Akwa Ibom State Ministry of Justice
- In office January 2015 – January 2021
- Preceded by: Barr. Ekpenyong Ntekim
- Succeeded by: Mr. Uko Essien Udom

Personal details
- Born: 27 October 1964 (age 61) Abiakana, Ika, Akwa Ibom State, Nigeria
- Party: People's Democratic Party (Nigeria)
- Alma mater: University of Calabar

= Uwemedimo Nwoko =

Uwemedimo Nwoko (born 27 October 1964) is a Nigerian legal practitioner, politician, human rights activist and the past Attorney-General and Commissioner for Justice in Akwa Ibom State.

== Early life and education ==
Nwoko was born on 27 October 1964 in Abiakana, in Ika Local Government Area of Akwa Ibom State.

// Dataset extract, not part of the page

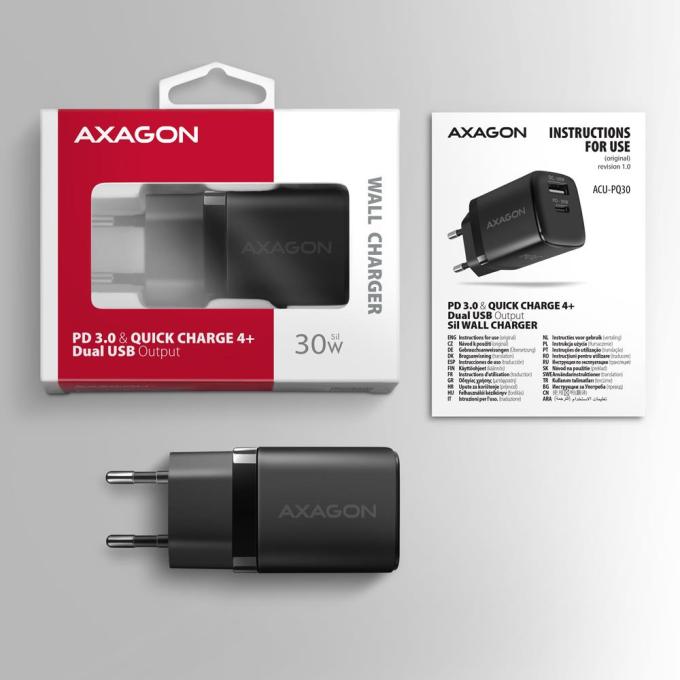 AXAGON ACU-PQ30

In 1972, Nwoko started attending Qua Iboe Church (QIC) Group School, Ikot Osukpong, Ika LGA of Akwa Ibom State and left the school in 1977 to continue his secondary education at Saint Augustine Secondary School, Urua Inyang (1977–1982). He later proceeded to study law at the University of Calabar (1987–1991) before completing the course at the Nigerian Law School, Victoria Island, Lagos (1991–1992).

== Career ==
In December 2014, incumbent governor of Akwa Ibom State, Chief Godswill Akpabio forwarded Nwoko's name to the Akwa Ibom State House of Assembly for screening and eventual appointment as the state's Attorney-General and Commissioner for Justice.

On 13 January 2015, he was given the job. He became the 14th Attorney-General and Commissioner for Justice of Akwa Ibom State.

In mid-2015, he was re-appointed the state's Attorney-General and Commissioner for Justice by the incumbent governor, Governor Udom Gabriel Emmanuel.